NEWS IN BRIEF: PRELIMS SPECIAL

ACROSS

  • The Atmosphere and Climate Research Modelling Observing Systems and Services (ACROSS) scheme has been extended by the cabinet till the period of next Finance Commission cycle.
  • There are eight sub-schemes under “ACROSS” scheme and they are implemented through the operating units: IMD, IITM (Institute of Tropical Meteorology), NCMRWF (National Centre for Medium Range Weather Forecasting), INCOIS (Indian National Centre for Ocean Information Services).
  • This scheme offers highly advanced Monitoring, Detection and Early Warning of calamities like tropical cyclones, thunderstorms, dust storms, heavy rain, snow fall, cold and heat waves.

O – SMART Scheme

  • The continuation of the Ocean Services, Modelling, Application, Resources and Technology has been approved by the cabinet. This scheme operates under the Ministry of Earth Sciences.
  • Schemes under O-SMART
  • Ocean Technology, Ocean Modelling and Advisory Services (OMAS)
  • Ocean Observation Network
  • Ocean Non-living Resources
  • Marine living resources and ecology
  • Coastal research
  • Operation and Maintenance of Research Vessels
  • The O-SMART scheme has enabled the expansion of ocean activities of India from the Arctic to the Antarctic region accompanied by satellite based monitoring systems and observations.

Lachit Diwas

  • The Prime Minister paid tribute to the bravery of Lachit Borphukan on the occasion of Lachit Diwas.
  • Lachit Borphukan was a military commander in the Ahom kingdom and he is known for his immense contribution in leading the Battle of Saraighat in 1671 defeating the Mughals.
  • He was given the title Borphukan which means one of the five councillors in the Ahom kingdom having both executive and judicial powers.
  • He is regarded as the protector of Assamese culture and tradition for his remarkable contributions towards preserving the unique culture.

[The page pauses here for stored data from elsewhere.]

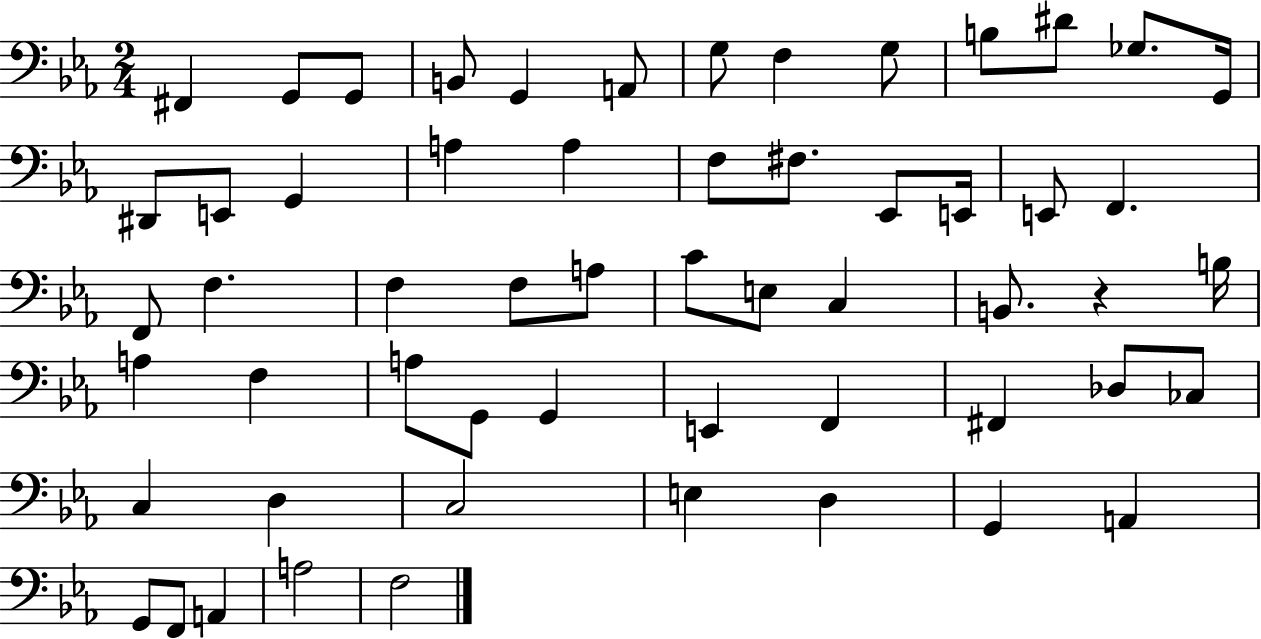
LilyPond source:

{
  \clef bass
  \numericTimeSignature
  \time 2/4
  \key ees \major
  fis,4 g,8 g,8 | b,8 g,4 a,8 | g8 f4 g8 | b8 dis'8 ges8. g,16 | \break dis,8 e,8 g,4 | a4 a4 | f8 fis8. ees,8 e,16 | e,8 f,4. | \break f,8 f4. | f4 f8 a8 | c'8 e8 c4 | b,8. r4 b16 | \break a4 f4 | a8 g,8 g,4 | e,4 f,4 | fis,4 des8 ces8 | \break c4 d4 | c2 | e4 d4 | g,4 a,4 | \break g,8 f,8 a,4 | a2 | f2 | \bar "|."
}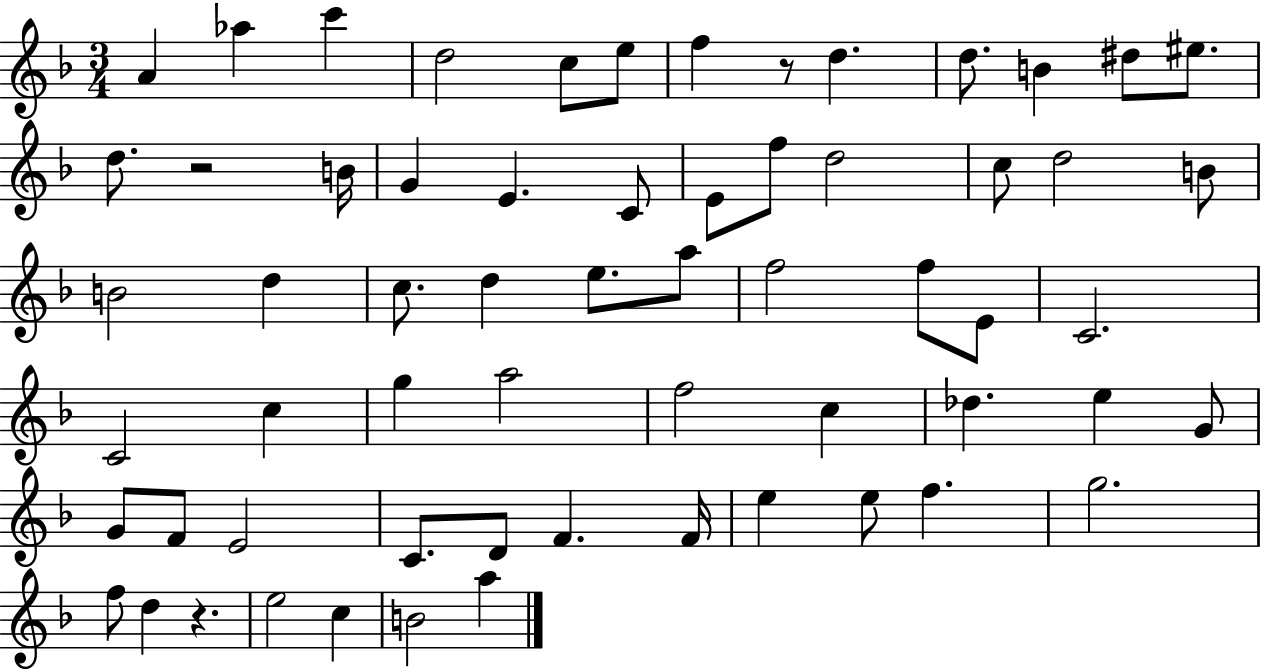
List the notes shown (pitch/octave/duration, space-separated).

A4/q Ab5/q C6/q D5/h C5/e E5/e F5/q R/e D5/q. D5/e. B4/q D#5/e EIS5/e. D5/e. R/h B4/s G4/q E4/q. C4/e E4/e F5/e D5/h C5/e D5/h B4/e B4/h D5/q C5/e. D5/q E5/e. A5/e F5/h F5/e E4/e C4/h. C4/h C5/q G5/q A5/h F5/h C5/q Db5/q. E5/q G4/e G4/e F4/e E4/h C4/e. D4/e F4/q. F4/s E5/q E5/e F5/q. G5/h. F5/e D5/q R/q. E5/h C5/q B4/h A5/q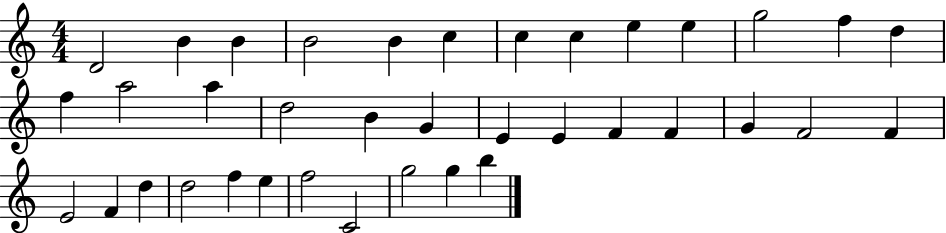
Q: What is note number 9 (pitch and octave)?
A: E5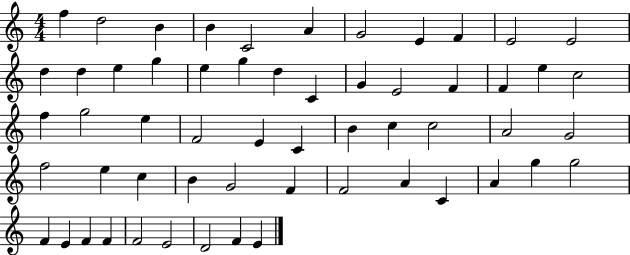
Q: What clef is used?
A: treble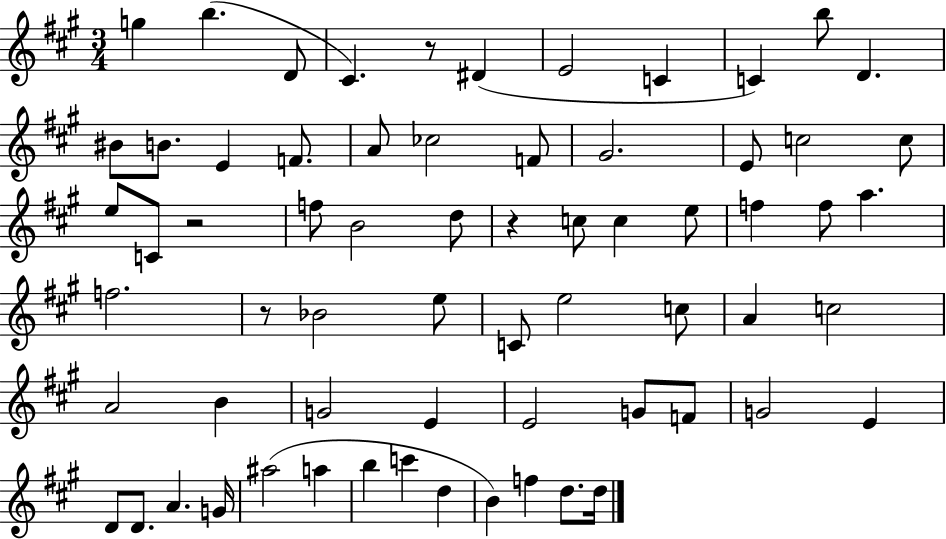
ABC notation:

X:1
T:Untitled
M:3/4
L:1/4
K:A
g b D/2 ^C z/2 ^D E2 C C b/2 D ^B/2 B/2 E F/2 A/2 _c2 F/2 ^G2 E/2 c2 c/2 e/2 C/2 z2 f/2 B2 d/2 z c/2 c e/2 f f/2 a f2 z/2 _B2 e/2 C/2 e2 c/2 A c2 A2 B G2 E E2 G/2 F/2 G2 E D/2 D/2 A G/4 ^a2 a b c' d B f d/2 d/4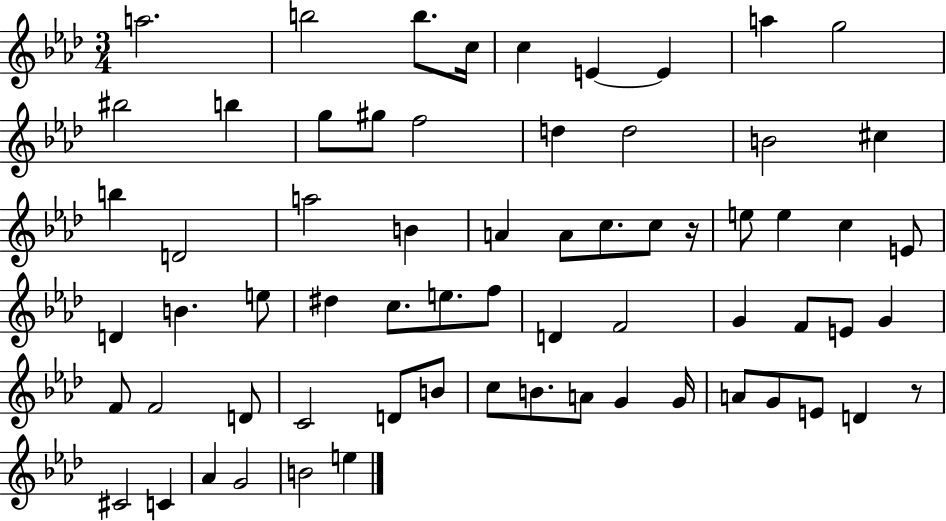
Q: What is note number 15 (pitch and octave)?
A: D5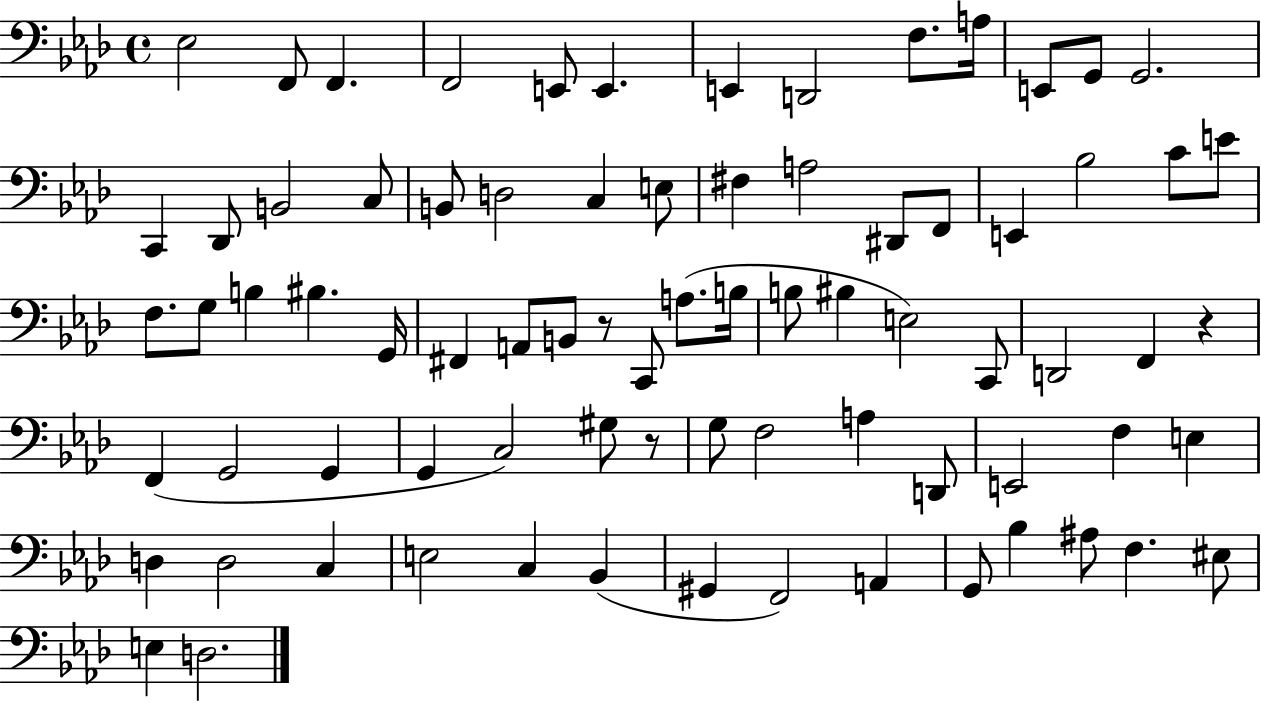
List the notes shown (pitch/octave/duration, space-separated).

Eb3/h F2/e F2/q. F2/h E2/e E2/q. E2/q D2/h F3/e. A3/s E2/e G2/e G2/h. C2/q Db2/e B2/h C3/e B2/e D3/h C3/q E3/e F#3/q A3/h D#2/e F2/e E2/q Bb3/h C4/e E4/e F3/e. G3/e B3/q BIS3/q. G2/s F#2/q A2/e B2/e R/e C2/e A3/e. B3/s B3/e BIS3/q E3/h C2/e D2/h F2/q R/q F2/q G2/h G2/q G2/q C3/h G#3/e R/e G3/e F3/h A3/q D2/e E2/h F3/q E3/q D3/q D3/h C3/q E3/h C3/q Bb2/q G#2/q F2/h A2/q G2/e Bb3/q A#3/e F3/q. EIS3/e E3/q D3/h.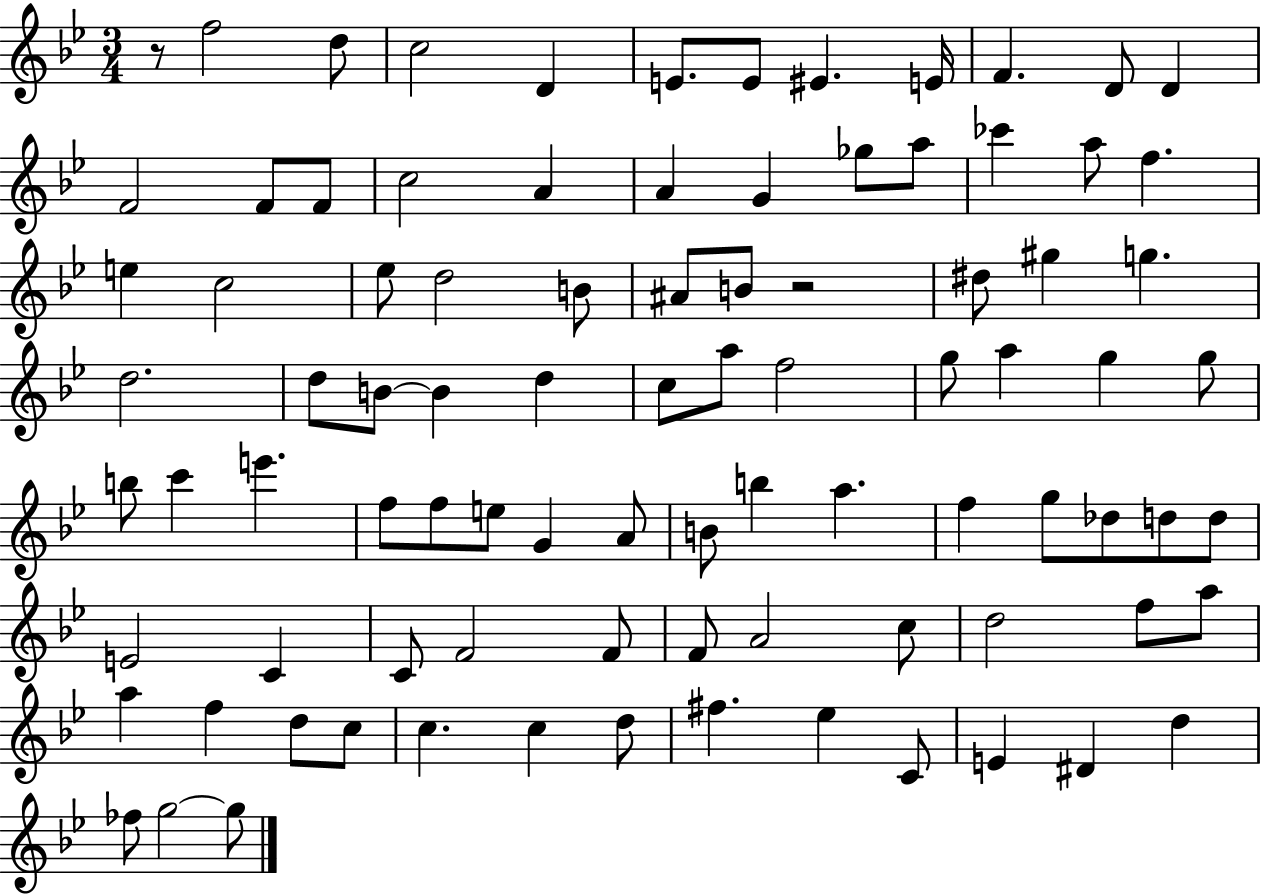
{
  \clef treble
  \numericTimeSignature
  \time 3/4
  \key bes \major
  r8 f''2 d''8 | c''2 d'4 | e'8. e'8 eis'4. e'16 | f'4. d'8 d'4 | \break f'2 f'8 f'8 | c''2 a'4 | a'4 g'4 ges''8 a''8 | ces'''4 a''8 f''4. | \break e''4 c''2 | ees''8 d''2 b'8 | ais'8 b'8 r2 | dis''8 gis''4 g''4. | \break d''2. | d''8 b'8~~ b'4 d''4 | c''8 a''8 f''2 | g''8 a''4 g''4 g''8 | \break b''8 c'''4 e'''4. | f''8 f''8 e''8 g'4 a'8 | b'8 b''4 a''4. | f''4 g''8 des''8 d''8 d''8 | \break e'2 c'4 | c'8 f'2 f'8 | f'8 a'2 c''8 | d''2 f''8 a''8 | \break a''4 f''4 d''8 c''8 | c''4. c''4 d''8 | fis''4. ees''4 c'8 | e'4 dis'4 d''4 | \break fes''8 g''2~~ g''8 | \bar "|."
}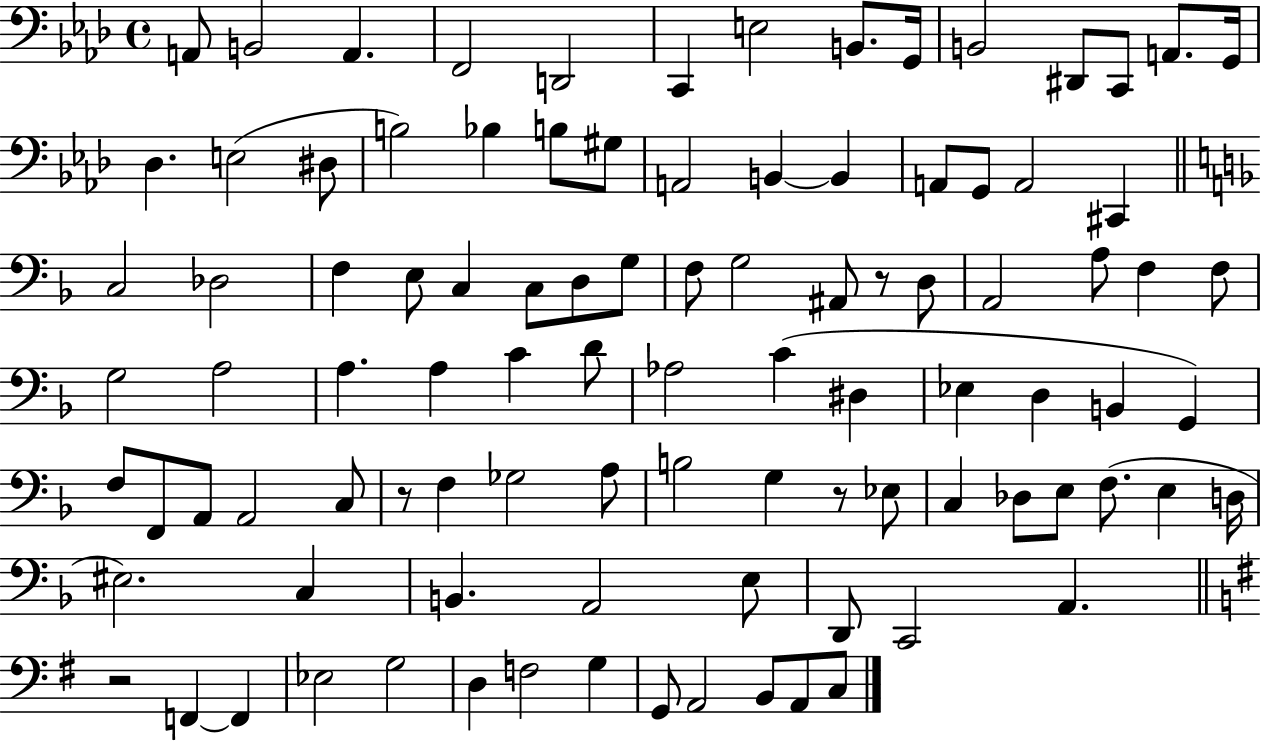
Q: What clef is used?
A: bass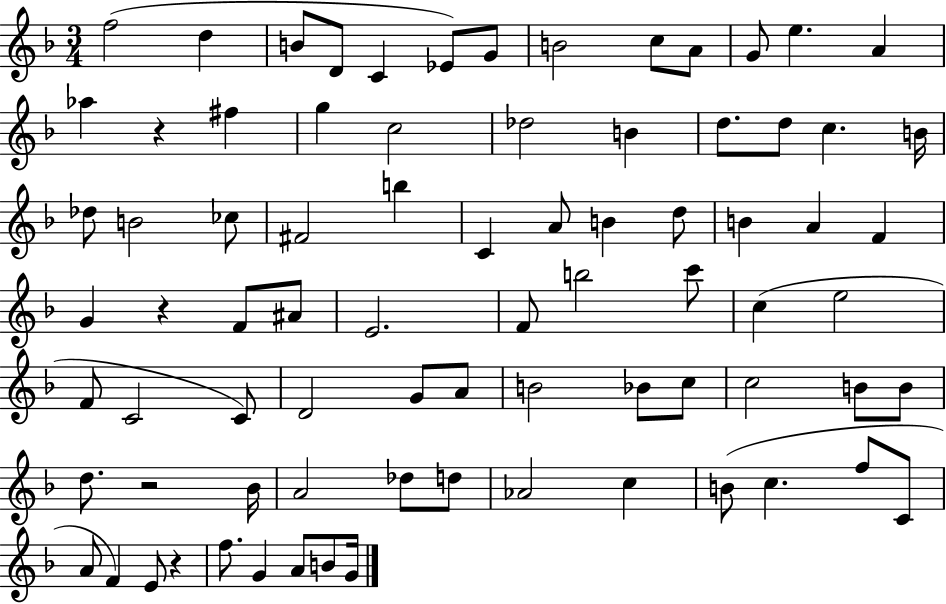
{
  \clef treble
  \numericTimeSignature
  \time 3/4
  \key f \major
  f''2( d''4 | b'8 d'8 c'4 ees'8) g'8 | b'2 c''8 a'8 | g'8 e''4. a'4 | \break aes''4 r4 fis''4 | g''4 c''2 | des''2 b'4 | d''8. d''8 c''4. b'16 | \break des''8 b'2 ces''8 | fis'2 b''4 | c'4 a'8 b'4 d''8 | b'4 a'4 f'4 | \break g'4 r4 f'8 ais'8 | e'2. | f'8 b''2 c'''8 | c''4( e''2 | \break f'8 c'2 c'8) | d'2 g'8 a'8 | b'2 bes'8 c''8 | c''2 b'8 b'8 | \break d''8. r2 bes'16 | a'2 des''8 d''8 | aes'2 c''4 | b'8( c''4. f''8 c'8 | \break a'8 f'4) e'8 r4 | f''8. g'4 a'8 b'8 g'16 | \bar "|."
}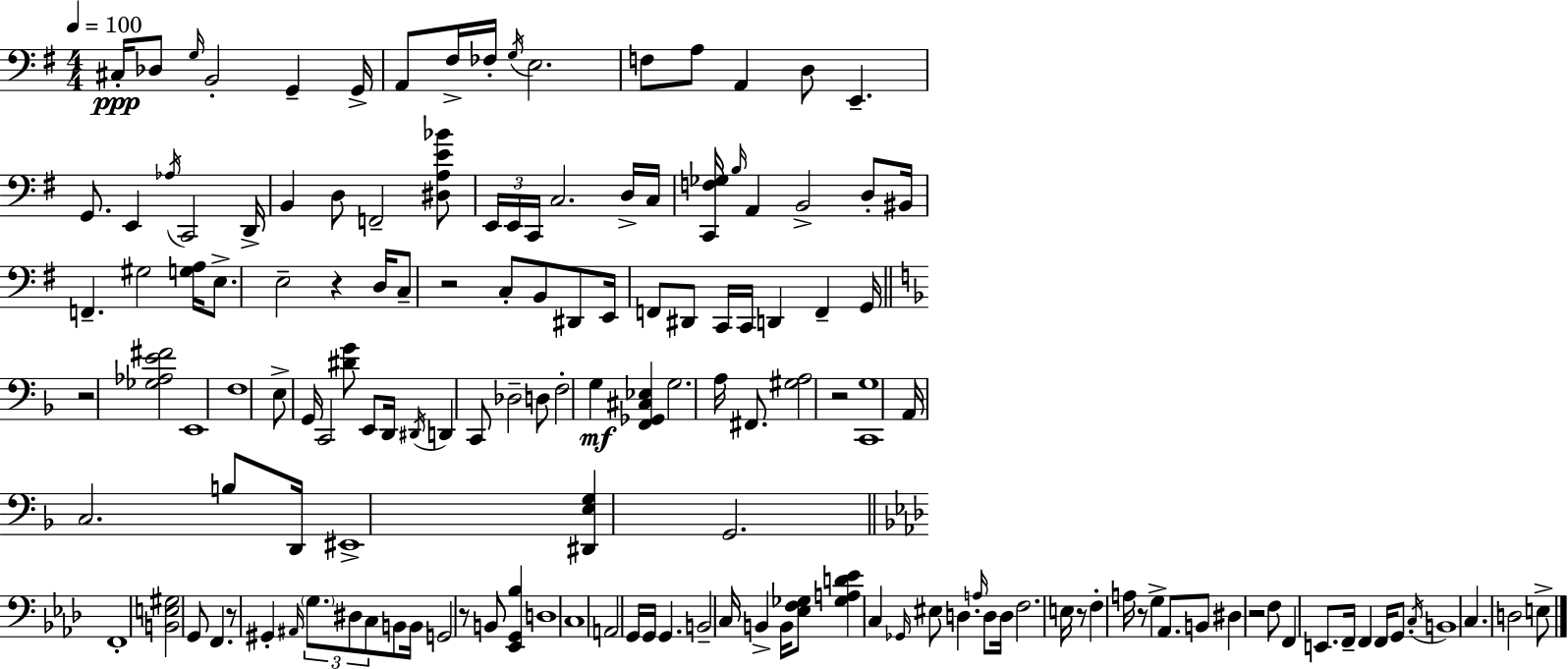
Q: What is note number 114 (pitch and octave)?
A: F2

https://newsonair.gov.in/News?title=PM-pays-tributes-to-Lachit-Borphukanon-on-Lachit-Diwas-today&id=430215

 

 

Bharat Gaurav Scheme

  • The Ministry of Railways introduced theme-based tourist circuit trains to showcase the rich culture and history of India.
  • The service providers will be given complete freedom to choose any historic theme. For example, Guru Kripa trains will surround the areas important to the Sikh culture, Ramayana trains will connect places related to Lord Shri Ram.
  • These trains can be run by both private and state-owned operators.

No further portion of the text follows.